Work instructions: Without the images, print all the entries below exactly as given.

___ Exercise inputs

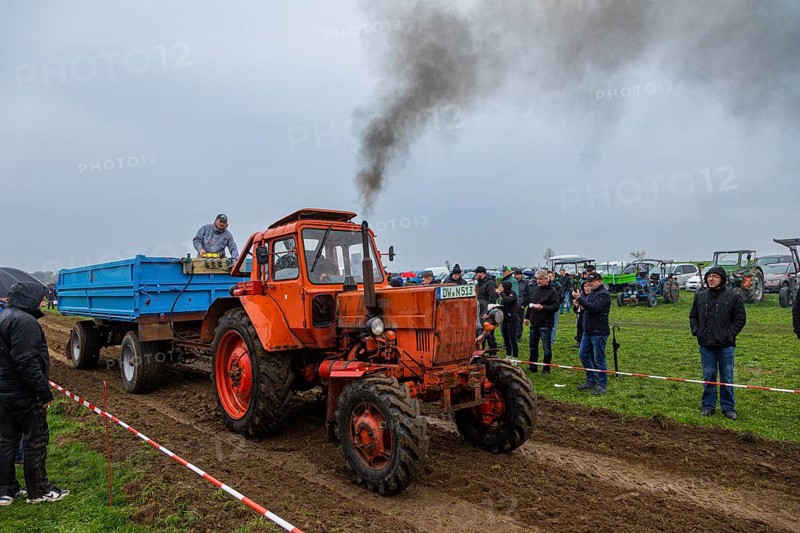 Tractor Pulling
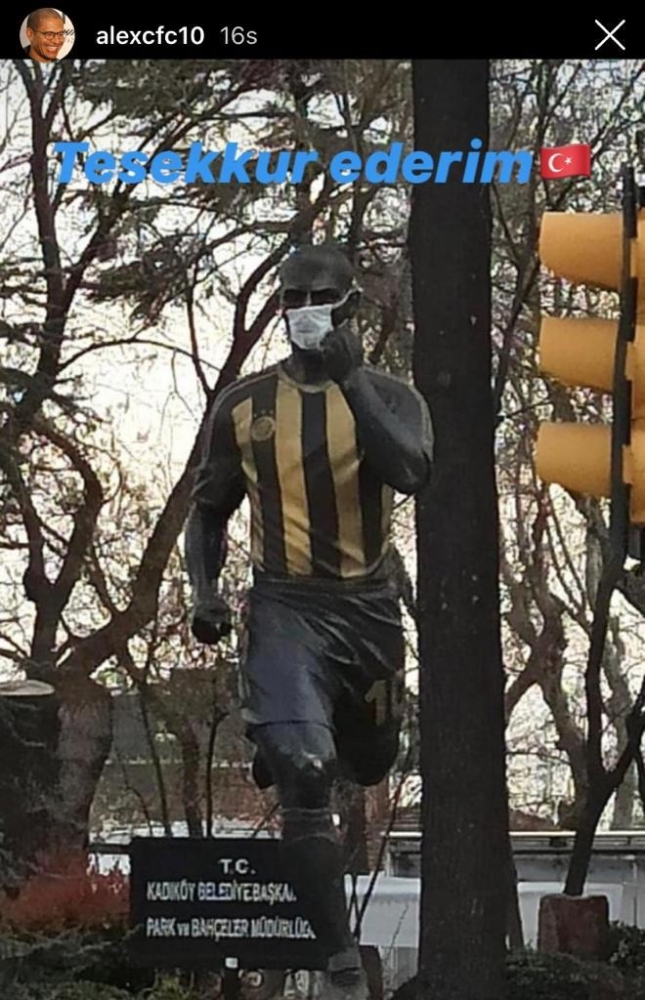 Alex de Souza'nın heykeline koronavirüs koruması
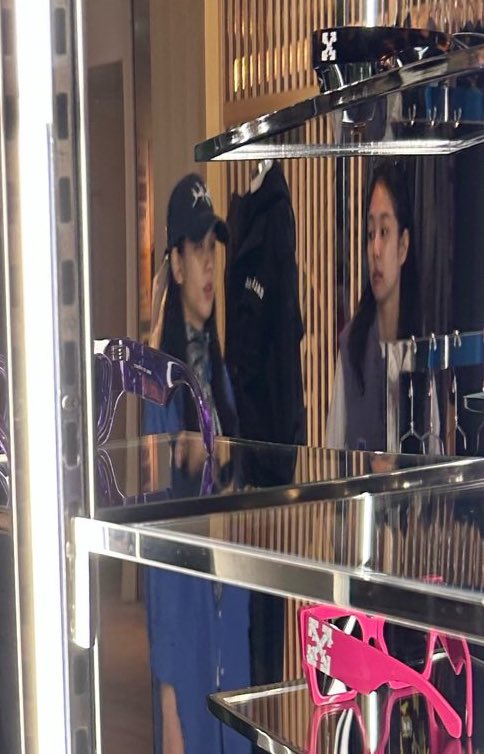 [잡담] 제니랑 지수 목격담 봤는데 내가 다 열받아..... | 인스티즈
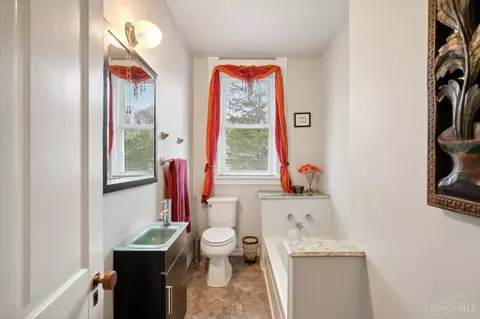 Bath - 7102 River Rd, Cincinnati, OH 45233 photo 2 of 3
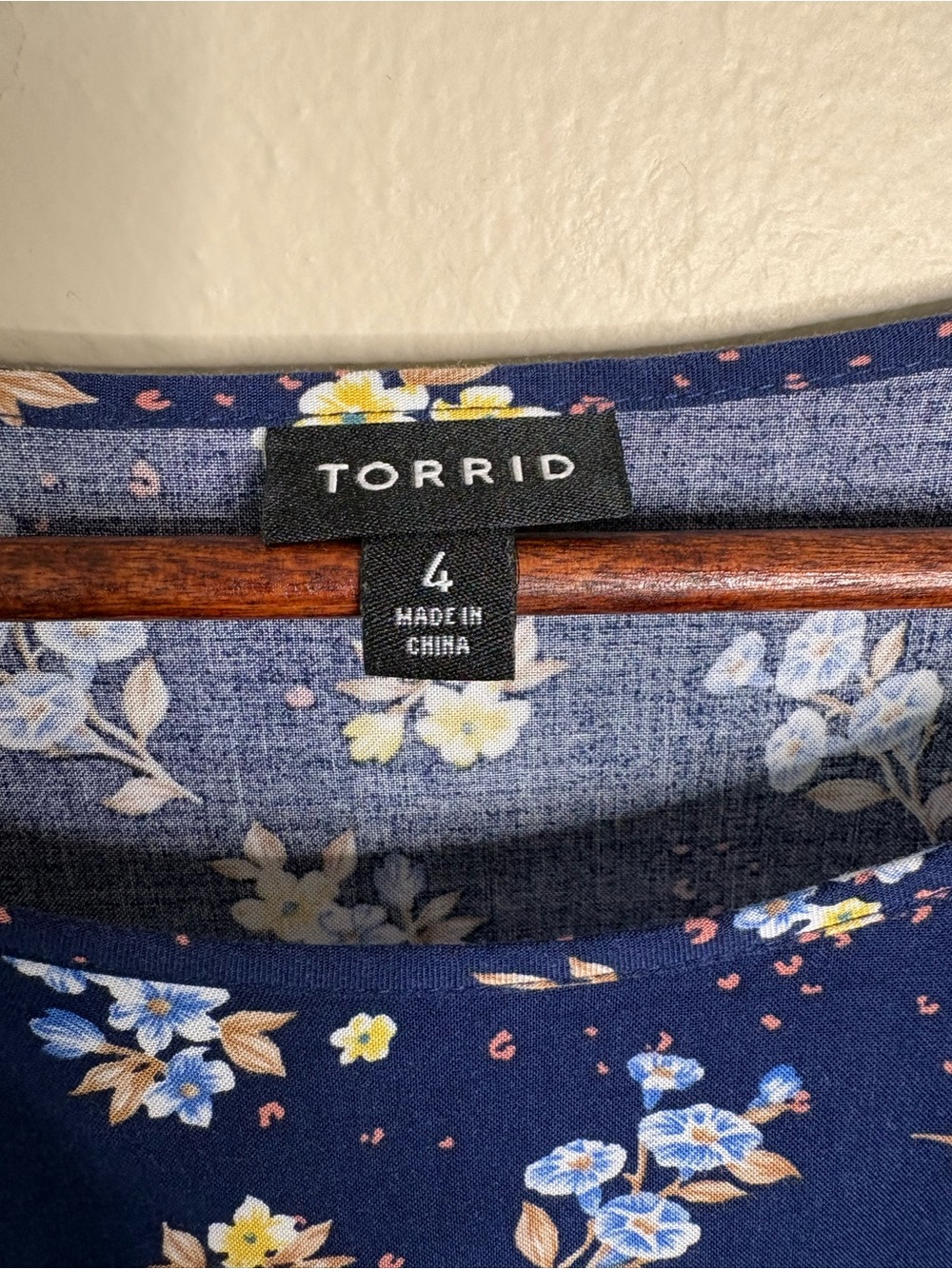 Torrid Dress Women 4 Navy Floral Babydoll Short Sleeve Rayon Boho Cottagecore - Picture 3 of 10
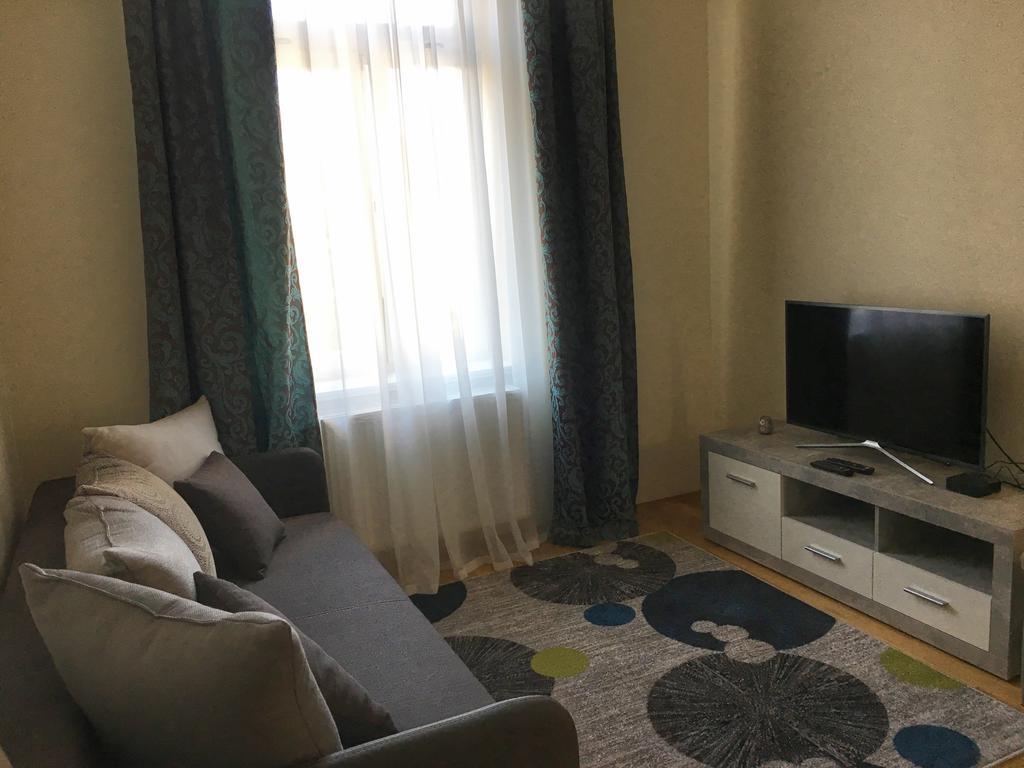 Ip Pavlova Apartment Prag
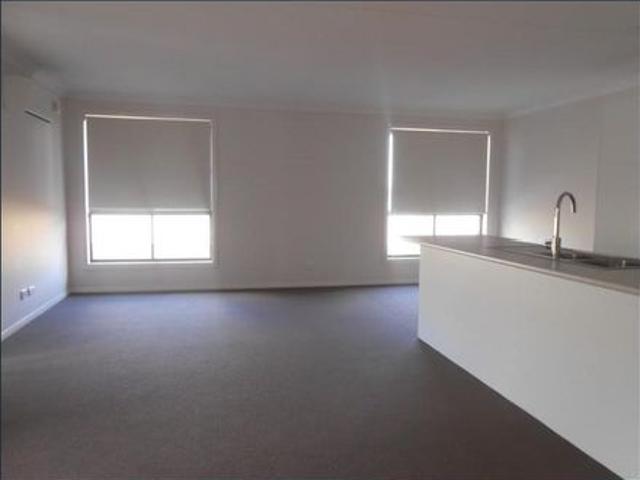 3 BEDROOM HOME WEST TAMWORTH LOCATION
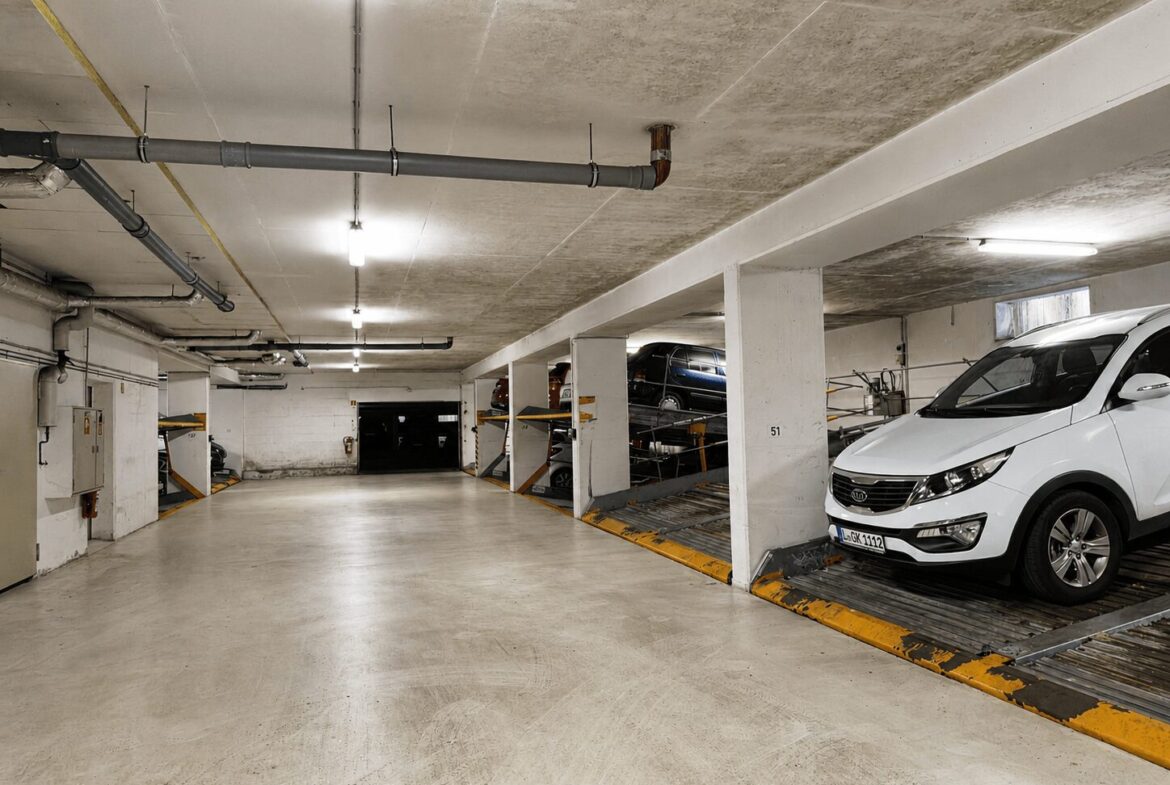 Tiefgarage mit Duplexstellplatz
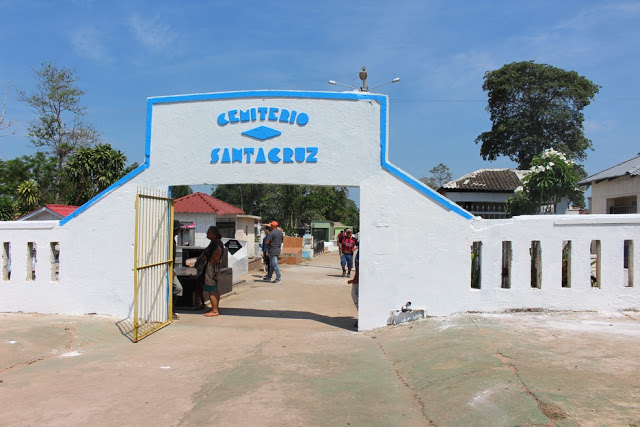 COVEIRA TEM OBJETOS FURTADOS NO CEMITÉRIO ENQUANTO CAVAVA COVA EM GUAJARÁ-MIRIM-RO.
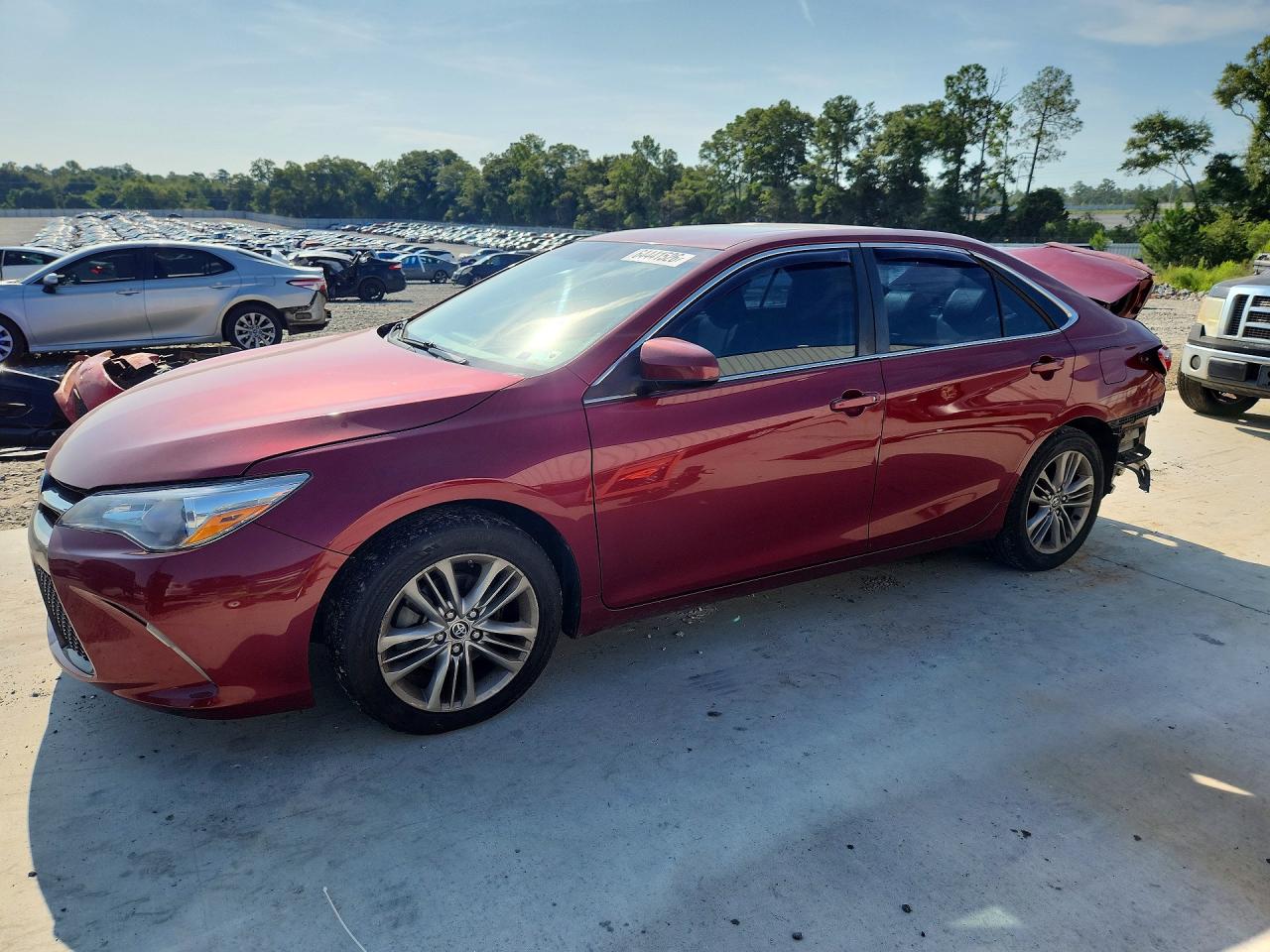 2016 TOYOTA CAMRY — Front 3/4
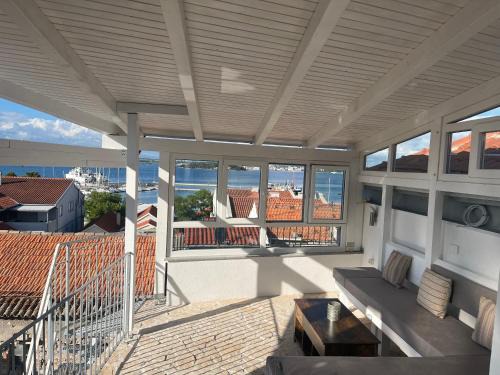 Apartmani Adi Tkon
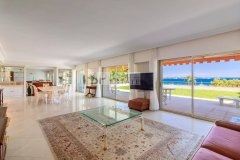 GOLFE-JUAN – VUE MER PANORAMIQUE - 4 PIECES AVEC VASTE JARDIN — photo 3 of 7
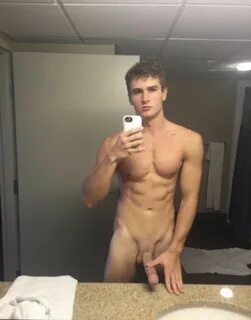 DarkNight on AdultNode: #guy #naked #selfie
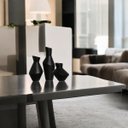 Ver imagem 2 de Trio de Vasos Decorativos de Cerâmica Organic Preto Fosco Joelma Decorações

______

Result:
 Tractor Pulling
 Alex de Souza'nın heykeline koronavirüs koruması
 [잡담] 제니랑 지수 목격담 봤는데 내가 다 열받아..... | 인스티즈
 Bath - 7102 River Rd, Cincinnati, OH 45233 photo 2 of 3
 Torrid Dress Women 4 Navy Floral Babydoll Short Sleeve Rayon Boho Cottagecore - Picture 3 of 10
 Ip Pavlova Apartment Prag
 3 BEDROOM HOME WEST TAMWORTH LOCATION
 Tiefgarage mit Duplexstellplatz
 COVEIRA TEM OBJETOS FURTADOS NO CEMITÉRIO ENQUANTO CAVAVA COVA EM GUAJARÁ-MIRIM-RO.
 2016 TOYOTA CAMRY — Front 3/4
 Apartmani Adi Tkon
 GOLFE-JUAN – VUE MER PANORAMIQUE - 4 PIECES AVEC VASTE JARDIN — photo 3 of 7
 DarkNight on AdultNode: #guy #naked #selfie
 Ver imagem 2 de Trio de Vasos Decorativos de Cerâmica Organic Preto Fosco Joelma Decorações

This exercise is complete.